What the exercise asks: Could each entry be returned exactly as it appears?

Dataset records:

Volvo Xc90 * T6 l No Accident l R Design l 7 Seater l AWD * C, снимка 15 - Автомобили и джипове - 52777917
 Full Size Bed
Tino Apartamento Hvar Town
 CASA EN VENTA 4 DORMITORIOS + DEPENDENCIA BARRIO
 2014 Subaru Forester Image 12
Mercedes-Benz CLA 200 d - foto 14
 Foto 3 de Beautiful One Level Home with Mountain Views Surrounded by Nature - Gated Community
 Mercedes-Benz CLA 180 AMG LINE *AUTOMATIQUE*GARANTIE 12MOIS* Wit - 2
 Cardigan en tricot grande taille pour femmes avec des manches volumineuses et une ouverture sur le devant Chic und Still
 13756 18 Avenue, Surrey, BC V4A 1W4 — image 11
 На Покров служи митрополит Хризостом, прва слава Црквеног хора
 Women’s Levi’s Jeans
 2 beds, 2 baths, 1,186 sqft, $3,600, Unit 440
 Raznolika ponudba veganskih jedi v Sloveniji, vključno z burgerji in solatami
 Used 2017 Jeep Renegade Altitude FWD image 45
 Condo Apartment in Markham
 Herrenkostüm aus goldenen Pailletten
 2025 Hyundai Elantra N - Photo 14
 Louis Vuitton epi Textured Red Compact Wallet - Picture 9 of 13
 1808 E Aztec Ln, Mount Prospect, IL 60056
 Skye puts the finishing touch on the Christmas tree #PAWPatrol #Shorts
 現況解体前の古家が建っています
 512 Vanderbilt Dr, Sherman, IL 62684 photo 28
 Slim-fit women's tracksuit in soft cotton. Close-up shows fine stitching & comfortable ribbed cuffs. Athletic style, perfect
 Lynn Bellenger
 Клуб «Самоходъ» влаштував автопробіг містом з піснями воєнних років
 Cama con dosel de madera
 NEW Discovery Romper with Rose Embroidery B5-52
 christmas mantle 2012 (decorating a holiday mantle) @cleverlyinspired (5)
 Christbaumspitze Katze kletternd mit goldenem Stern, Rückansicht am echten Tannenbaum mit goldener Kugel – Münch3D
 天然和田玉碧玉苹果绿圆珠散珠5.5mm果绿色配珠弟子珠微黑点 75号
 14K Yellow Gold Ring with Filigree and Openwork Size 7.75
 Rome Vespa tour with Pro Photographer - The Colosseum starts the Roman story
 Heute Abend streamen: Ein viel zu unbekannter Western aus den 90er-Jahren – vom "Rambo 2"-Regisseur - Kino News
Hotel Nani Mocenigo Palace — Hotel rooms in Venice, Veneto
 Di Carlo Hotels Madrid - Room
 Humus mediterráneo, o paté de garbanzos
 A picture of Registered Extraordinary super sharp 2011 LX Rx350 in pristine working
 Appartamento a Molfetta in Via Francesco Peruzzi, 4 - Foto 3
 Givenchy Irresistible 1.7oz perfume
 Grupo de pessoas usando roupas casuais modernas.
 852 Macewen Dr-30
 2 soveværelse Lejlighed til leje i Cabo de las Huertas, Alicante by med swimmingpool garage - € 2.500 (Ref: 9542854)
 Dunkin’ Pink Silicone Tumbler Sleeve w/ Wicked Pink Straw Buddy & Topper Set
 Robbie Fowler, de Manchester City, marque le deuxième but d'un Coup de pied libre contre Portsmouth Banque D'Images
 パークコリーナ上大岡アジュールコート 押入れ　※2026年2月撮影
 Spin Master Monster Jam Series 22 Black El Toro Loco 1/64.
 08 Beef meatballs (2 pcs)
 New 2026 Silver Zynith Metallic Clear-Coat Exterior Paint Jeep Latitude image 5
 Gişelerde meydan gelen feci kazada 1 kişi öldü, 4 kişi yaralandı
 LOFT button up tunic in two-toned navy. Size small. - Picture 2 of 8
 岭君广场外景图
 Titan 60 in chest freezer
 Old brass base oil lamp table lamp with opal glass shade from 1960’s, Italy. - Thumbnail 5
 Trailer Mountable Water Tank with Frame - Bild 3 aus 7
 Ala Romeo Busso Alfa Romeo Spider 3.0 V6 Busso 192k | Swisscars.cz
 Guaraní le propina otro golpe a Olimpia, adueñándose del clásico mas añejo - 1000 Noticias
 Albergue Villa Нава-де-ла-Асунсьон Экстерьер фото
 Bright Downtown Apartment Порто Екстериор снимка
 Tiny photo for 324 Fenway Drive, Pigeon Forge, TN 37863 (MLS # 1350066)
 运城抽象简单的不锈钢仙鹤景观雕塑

Task solution:
Volvo Xc90 * T6 l No Accident l R Design l 7 Seater l AWD * C, снимка 15 - Автомобили и джипове - 52777917
 Full Size Bed
Tino Apartamento Hvar Town
 CASA EN VENTA 4 DORMITORIOS + DEPENDENCIA BARRIO
 2014 Subaru Forester Image 12
Mercedes-Benz CLA 200 d - foto 14
 Foto 3 de Beautiful One Level Home with Mountain Views Surrounded by Nature - Gated Community
 Mercedes-Benz CLA 180 AMG LINE *AUTOMATIQUE*GARANTIE 12MOIS* Wit - 2
 Cardigan en tricot grande taille pour femmes avec des manches volumineuses et une ouverture sur le devant Chic und Still
 13756 18 Avenue, Surrey, BC V4A 1W4 — image 11
 На Покров служи митрополит Хризостом, прва слава Црквеног хора
 Women’s Levi’s Jeans
 2 beds, 2 baths, 1,186 sqft, $3,600, Unit 440
 Raznolika ponudba veganskih jedi v Sloveniji, vključno z burgerji in solatami
 Used 2017 Jeep Renegade Altitude FWD image 45
 Condo Apartment in Markham
 Herrenkostüm aus goldenen Pailletten
 2025 Hyundai Elantra N - Photo 14
 Louis Vuitton epi Textured Red Compact Wallet - Picture 9 of 13
 1808 E Aztec Ln, Mount Prospect, IL 60056
 Skye puts the finishing touch on the Christmas tree #PAWPatrol #Shorts
 現況解体前の古家が建っています
 512 Vanderbilt Dr, Sherman, IL 62684 photo 28
 Slim-fit women's tracksuit in soft cotton. Close-up shows fine stitching & comfortable ribbed cuffs. Athletic style, perfect
 Lynn Bellenger
 Клуб «Самоходъ» влаштував автопробіг містом з піснями воєнних років
 Cama con dosel de madera
 NEW Discovery Romper with Rose Embroidery B5-52
 christmas mantle 2012 (decorating a holiday mantle) @cleverlyinspired (5)
 Christbaumspitze Katze kletternd mit goldenem Stern, Rückansicht am echten Tannenbaum mit goldener Kugel – Münch3D
 天然和田玉碧玉苹果绿圆珠散珠5.5mm果绿色配珠弟子珠微黑点 75号
 14K Yellow Gold Ring with Filigree and Openwork Size 7.75
 Rome Vespa tour with Pro Photographer - The Colosseum starts the Roman story
 Heute Abend streamen: Ein viel zu unbekannter Western aus den 90er-Jahren – vom "Rambo 2"-Regisseur - Kino News
Hotel Nani Mocenigo Palace — Hotel rooms in Venice, Veneto
 Di Carlo Hotels Madrid - Room
 Humus mediterráneo, o paté de garbanzos
 A picture of Registered Extraordinary super sharp 2011 LX Rx350 in pristine working
 Appartamento a Molfetta in Via Francesco Peruzzi, 4 - Foto 3
 Givenchy Irresistible 1.7oz perfume
 Grupo de pessoas usando roupas casuais modernas.
 852 Macewen Dr-30
 2 soveværelse Lejlighed til leje i Cabo de las Huertas, Alicante by med swimmingpool garage - € 2.500 (Ref: 9542854)
 Dunkin’ Pink Silicone Tumbler Sleeve w/ Wicked Pink Straw Buddy & Topper Set
 Robbie Fowler, de Manchester City, marque le deuxième but d'un Coup de pied libre contre Portsmouth Banque D'Images
 パークコリーナ上大岡アジュールコート 押入れ　※2026年2月撮影
 Spin Master Monster Jam Series 22 Black El Toro Loco 1/64.
 08 Beef meatballs (2 pcs)
 New 2026 Silver Zynith Metallic Clear-Coat Exterior Paint Jeep Latitude image 5
 Gişelerde meydan gelen feci kazada 1 kişi öldü, 4 kişi yaralandı
 LOFT button up tunic in two-toned navy. Size small. - Picture 2 of 8
 岭君广场外景图
 Titan 60 in chest freezer
 Old brass base oil lamp table lamp with opal glass shade from 1960’s, Italy. - Thumbnail 5
 Trailer Mountable Water Tank with Frame - Bild 3 aus 7
 Ala Romeo Busso Alfa Romeo Spider 3.0 V6 Busso 192k | Swisscars.cz
 Guaraní le propina otro golpe a Olimpia, adueñándose del clásico mas añejo - 1000 Noticias
 Albergue Villa Нава-де-ла-Асунсьон Экстерьер фото
 Bright Downtown Apartment Порто Екстериор снимка
 Tiny photo for 324 Fenway Drive, Pigeon Forge, TN 37863 (MLS # 1350066)
 运城抽象简单的不锈钢仙鹤景观雕塑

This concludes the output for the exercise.